Кряжистый — сажень в плечах, — белый как лунь дядя Михей, смущенный вниманием, переминался с ноги на ногу.

— Да что же тут рассказывать, — тихо проговорил он. — Любой бы это сделал… Еще не светало, только-только пропели первые петухи. Не спалось, забота сердце глодала: как будем жить, если немец придет? Вышел на чистый воздух. Лес молчал. Пошел к ручейку, думаю, посижу. И тут в аккурат громкий такой выстрел. Думаю, кто же это стреляет? Перебрался по доске через ручеек, вышел на лужайку, что у овражка. Копна как стояла, так и стоит. Собрался уже идти обратно в свою лесную избушку, но вдруг как блеснет огнем из копны, как вдарит. Эге, думаю, здесь дело нечистое, свои не будут по копнам прятаться и по ночам куда-то палить. Быстро, значит, что было сил побежал на деревню, поднял народ. На рассвете подошли овражком и схватили.

Дядя Михей окинул лазутчиков презрительным взглядом:

— Трусливый народишко, — одним словом, паскуды!.. Собираясь уходить, я неожиданно увидел в толпе сержанта Акимова. Он тоже меня заметил. Акимов подбежал ко мне и чуть не сбил с ног.

— Дружище! — тискал он меня. — Вот встреча!
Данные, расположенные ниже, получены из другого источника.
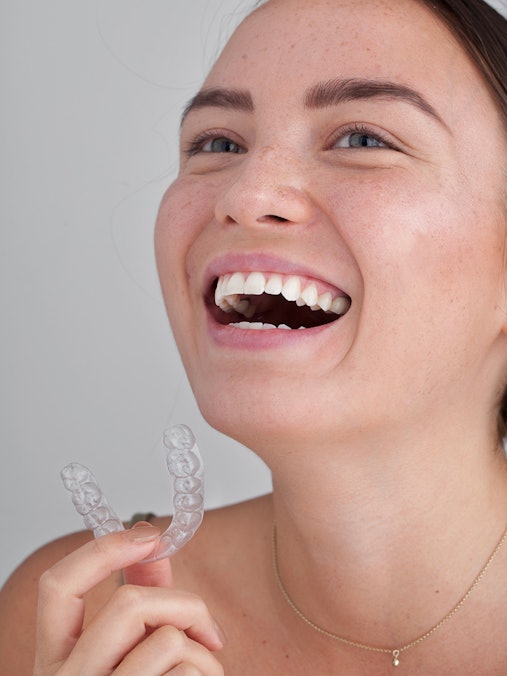 Candid Clear Aligners For Thousands Less Than Braces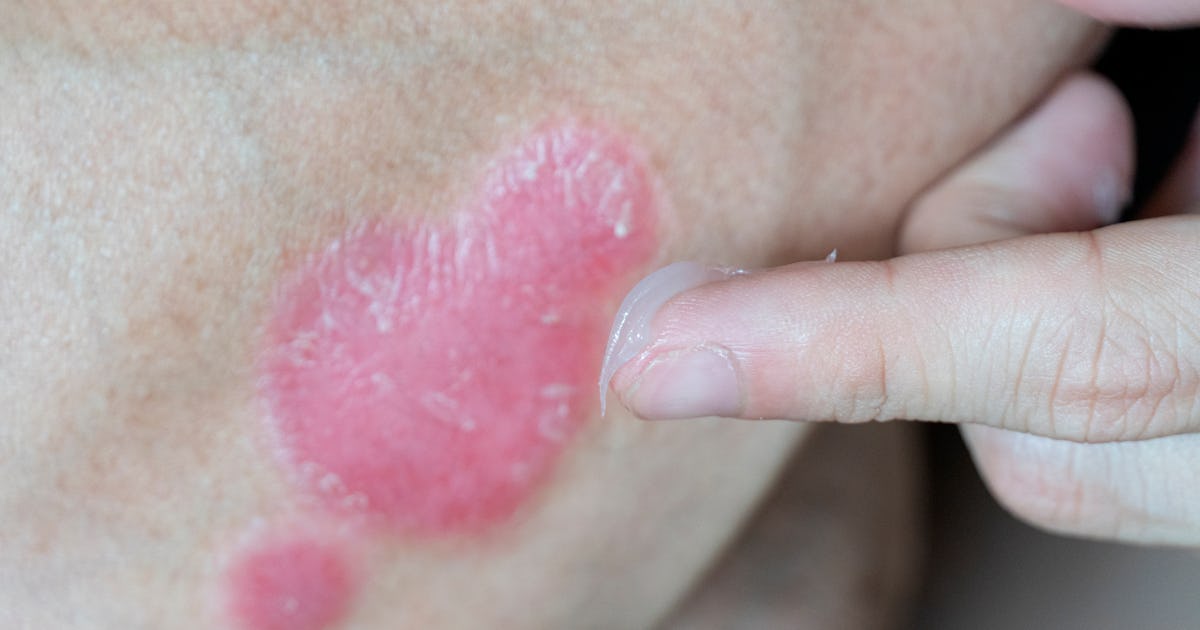 Inflammation Immune System Science Explains Why The Body Attacks Itself inflammation-immune-system-science-explains-why-the-body-attacks-itself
Жив, здоров? Это хорошо! А мы о тебе часто вспоминали.

Акимов — молодой, стройный, хорошо сложенный мужчина, с благородными чертами чуть продолговатого лица. Товарищи любили сержанта, и все, даже командиры, называли его тепло, по-дружески «наш Акимыч».

По своей натуре Акимов был веселым и остроумным человеком, а в бою расчетливым и умелым воином. Особенно уважали его за то, что Акимыч, где бы он ни был, никогда не оставлял в беде товарища.

— Ну, а ты какими судьбами очутился здесь, в глубоком тылу? — спросил я сержанта.

— Какой тут тыл, только что пули не свищут, а осколков хоть отбавляй.

На опушке леса мы уселись на траву. Акимов поставил меж колен винтовку, снял с головы пилотку, вывернул ее вверх подкладкой и тщательно вытер вспотевшее лицо.

Отдохнув немного, мы вышли на дорогу и к вечеру благополучно добрались до расположения нашей роты. Встреча с боевыми друзьями была шумной: объятия, крепкие поцелуи.

За время войны я не раз прощался со своими товарищами. Расставание было всегда печальным, будто терял самое дорогое. Но зато возвращение в боевую семью было радостным, хотя кругом ходила смерть.

Я доложил командиру роты о своем возвращении из госпиталя. Круглов, улыбаясь, крепко обнял меня:

— Очень рад, что ты вернулся. Ведь нас, старичков, маловато осталось. Старший лейтенант о чем-то вспомнил, взял меня под руку: — Пойдем сейчас к комбату. У него для тебя есть подарок. — И показал рукой на левую половину моей груди.